In the report, these burgeoning population centers, characterized not just by their size but the sophistication of their infrastructures, are referred to as “Future Cities.” The site recently completed a survey that reveals much about where U.S. cities are in their IT planning and implementation, which technologies are expected to make the greatest impact and how businesses stand to benefit.

InformationWeek’s Future Cities Survey, completed in October by 198 municipal IT pros, reveals that most are still in the early stages of these efforts. Only 7% of survey respondents describe their city strategies as progressive and well conceived. More than five times that many, 38%, describe those strategies as poor or nonexistent. Half say their cities are somewhere in-between—well planned in some areas but not others.

As a starting point, metropolitan IT teams are looking to make government run more smoothly. The most-mentioned area of initial focus, cited by 39% of survey respondents, is government operations. That includes the systems and applications used for the business of government, such as 311 and other IT-enabled public services.

Other areas of Future Cities activity are public safety and crime prevention (30%), communications infrastructure (28%) and transportation systems (26%). New York City’s recently unveiled Domain Awareness System, co-developed with Microsoft and to be marketed to other cities, incorporates aspects of all three areas in a citywide surveillance platform—to the chagrin of privacy watchdogs.

The most sought-after benefits of city IT planning and implementation are more efficient delivery of public services (66%), improved infrastructure (44%) and lower costs (44%).
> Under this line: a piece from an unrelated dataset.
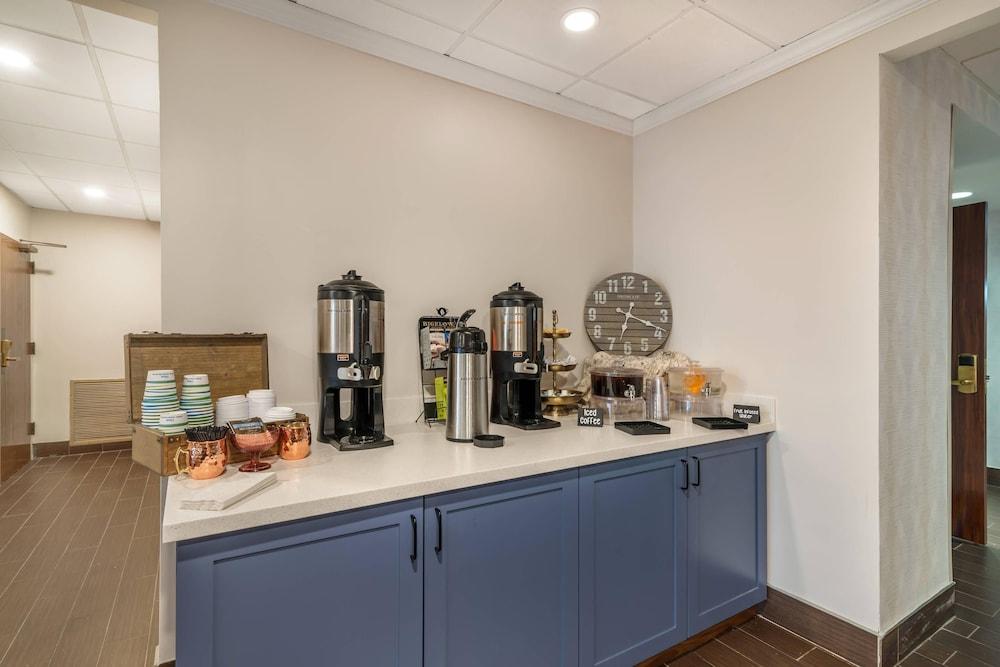 ذا كلوك تور هوتل آت سينتري هاوس ، آن أسيند كوليكشن هوتل الردهة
More intriguing is that 36% of respondents to the survey see Future Cities technology investments improving quality of life for citizens. For example, the city of Santa Monica, Calif., has deployed a real-time traffic management system to ease congestion and open and close parking spaces as necessary. Commuters there spend fewer hours staring at brake lights.
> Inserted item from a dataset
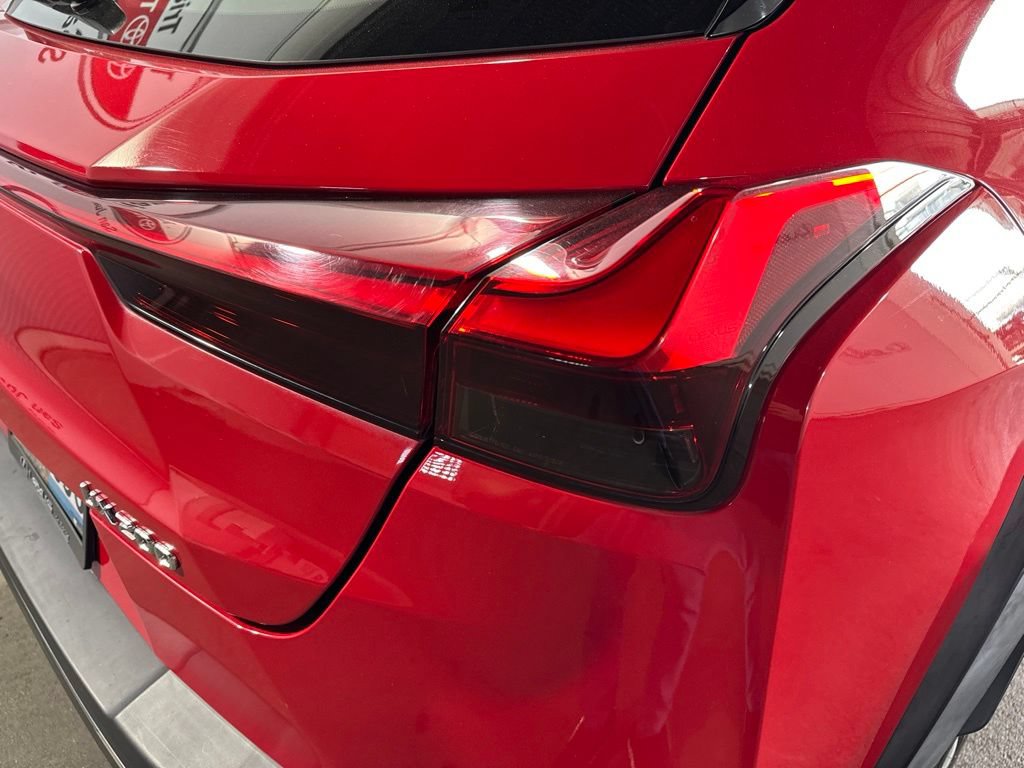 Used 2019 Lexus UX 200 F Sport FWD image 19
Which technologies have the greatest potential to improve municipal operations? Mobility and bandwidth top the list. Mobile devices and apps were rated as having very high or extremely high potential by 71% of respondents, followed closely by broadband networks (70%) and wireless services (62%). Many cities are already taking steps to accommodate smartphone-carrying citizens and visitors. San Francisco has created a device-agnostic framework that it uses to develop mobile apps for city services and information, and New York is converting old payphone booths into touchscreen kiosks that double as Wi-Fi hotspots.

Municipal IT pros also see potential in information and automation systems for transportation (63% of survey respondents designated them as having very high or extremely high potential) and in cameras and other public safety devices (58%). Other technologies respondents rated highly are virtualization, water management and conservation systems, energy-efficient buildings, and smart meters and other monitoring devices.

The biggest obstacle to moving ahead, by far, is finding the money to pay for it. Cash-strapped local governments don’t have the revenue to invest in nice-to-haves like predictive analytics for crime prevention or sensor networks for water management. Eighty-eight percent of survey respondents point to limited funding as a top challenge to Future Cities initiatives. Municipal CIOs will have to make a strong business case to get projects funded.

Other challenges respondents identified include political leadership (cited by 35%), bureaucracy (34%) and outdated IT infrastructure (27%).

Businesses have a stake in the outcome of these and other Future Cities projects. The most frequently cited business benefit, mentioned by 69% of survey respondents, is access to improved municipal infrastructure and services. Other potential benefits include lower business costs (cited by 45%) and making companies more competitive (38%).